Western leaders blame Putin for instability caused by Soros

REPORT: Putin to leave G20 early after 'tense' meetings

Source: Steven Swinford | The Telegraph |

Vladimir Putin is set to leave the G20 summit early after a tense meeting with David Cameron over Moscow’s actions in Ukraine.

The Russian president is reportedly planning to leave the summit early on Sunday and miss its official lunch in response to repeated criticism from western leaders.

The move comes after Tony Abbott, the Australian Prime Minister, threatened to “shirt front” Mr Putin – a form of physical confrontation. Stephen Harper, the Canadian Prime Minister, told Mr Putin: “I guess I’ll shake your hand, but I’ll only have one thing to say to you – get out of the Ukraine.”

Mr Cameron told Mr Putin that he is at a “crossroads” and could face further sanctions after the pair held “robust” discussions on Ukraine.

During a tense 50 minute meeting Mr Cameron warned that Russia is risking its relations with the West and must end its support for Russian separatists.

Mr Putin denied that Russian troops have entered Ukraine and claimed that he is prepared to accept a ceasefire and stop the flow of Russian weapons across the border.
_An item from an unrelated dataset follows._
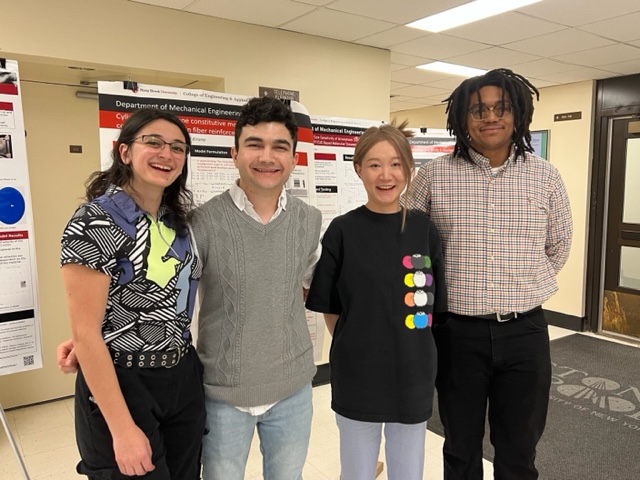 SBU Students and advisor, Leana Grotz, pose in front of a research poster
He also said that he is prepared to recognise Ukraine as a “single political space”.

Mr Cameron is said to be “realistic” about Mr Putin’s comments after he previously broke pledges to end Russian action in Ukraine.
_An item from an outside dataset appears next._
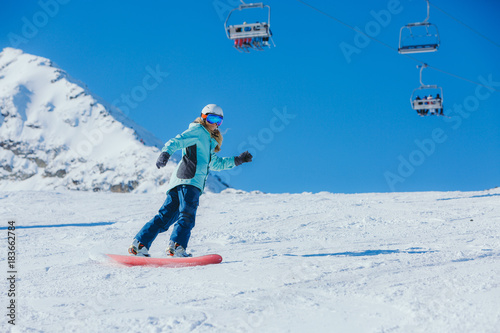 Snowboarder in the mountains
The meeting at the G20 summit in Brisbane, Australia, follows a tense build up in which Mr Cameron compared Russia to Nazi Germany.

Tensions escalated further when Russia stationed a fleet of warships off the coast of Australia in an apparent show of strength ahead of the summit.

In interviews hours before the meeting, Mr Cameron suggested that he cannot trust Mr Putin and described Russia’s decision to send a fleet of warships to Australia as “international machismo”.

Asked if he trusts Mr Putin, the Prime Minister told ITV News: “I take people as I find them. The sad thing is that to date undertakings given in the Minsk agreement have not been followed but the right thing to do is to continue to engage.

“So far we haven’t seen his actions follow up the statements that he’s given on previous occasions.

“The point is and the reason for meeting is that this issue matters and it’s very important Russia understands what’s at stake and gets a very clear message.

“There’s a real choice here, there’s a different and better way for Russia to behave that could lead to an easing of relations, but at the moment he’s not taking that path.”

During the meeting Mr Cameron said that he and Mr Putin have to “agree to disagree” on several areas, including Mr Putin’s continued claims that the uprising against the former Ukrainian president was illegitimate.

Mr Putin still insists that Russian troops have not crossed the border into Ukraine, despite evidence to the contrary. The Prime Minister said that drones should be deployed to monitor the situation on the ground, a move which Mr Putin claimed he supported.

The West is now considering further sanctions, although further “sectoral” sanctions against other parts of Russia’s economy are unlikely next week. At present the West has imposed sanctions on the energy, defence and banking sectors.

Instead it is more likely that the West will increase the number of individuals who are subject to the sanctions in coming weeks.

Mr Cameron also raised the prospect of a “national unity government” in Syria to replace Bashar al-Assad’s dictatorship. He highlighted how the conflict is threatening both Britain and Russia.

A Kremlin spokesman said that Mr Putin and Mr Cameron addressed the “fundamental causes of the current breakdown of relations” between Russia and the West.